Les femmes ingénieures ont tout à gagner des tensions actuelles sur le marché de l'emploi, selon Michael Page
Pour Fatine Dallet, directrice senior chez Michael Page en charge du recrutement des ingénieurs, les femmes souffrent encore dans les environnements de travail très masculins. Mais elle observe les efforts des recruteurs et un changement d'état d'esprit chez les candidates.
Malgré la féminisation progressive des métiers de l'ingénieur, les femmes continuent à faire face à des discriminations sur la base de leur genre, et ne s'autorisent pas toujours toutes les pistes de carrières. Fatine Dallet, directrice senior chez Michael Page en charge du recrutement des ingénieurs, elle-même ancienne ingénieure, est bien placée pour observer le phénomène. Elle fait le point pour l'Usine Nouvelle sur les progrès de ces dernières années et sur le chemin restant à parcourir.

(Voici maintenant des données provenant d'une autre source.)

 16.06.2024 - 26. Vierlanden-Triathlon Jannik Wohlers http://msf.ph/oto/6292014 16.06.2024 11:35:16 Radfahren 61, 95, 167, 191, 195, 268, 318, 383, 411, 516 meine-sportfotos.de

L'Usine Nouvelle - Constatez-vous qu'il est encore aujourd'hui plus difficile pour les femmes de se faire une place dans les métiers d'ingénieurs ?
Fatine Dallet : Oui, les femmes nous en parlent parfois en entretien. Elles partagent avec nous leurs doutes sur leur capacité à bien le vivre, ou leur peur d'être pénalisées dans leur carrière. Beaucoup en souffrent. Il arrive que ce soit la raison pour laquelle elles quittent leur entreprise. Les femmes dans les industries très masculines vivent souvent des intimidations ou des remarques sexistes lors de leur intégration, surtout si elles managent des équipes. Elles sont très testées au départ. Pour réussir, il faut une vraie motivation et savoir s'imposer. C'est le profil des candidates qui postulent dans ces environnements-là. Souvent, ce sont des personnalités très affirmées.
Voyez-vous les choses évoluer malgré tout ?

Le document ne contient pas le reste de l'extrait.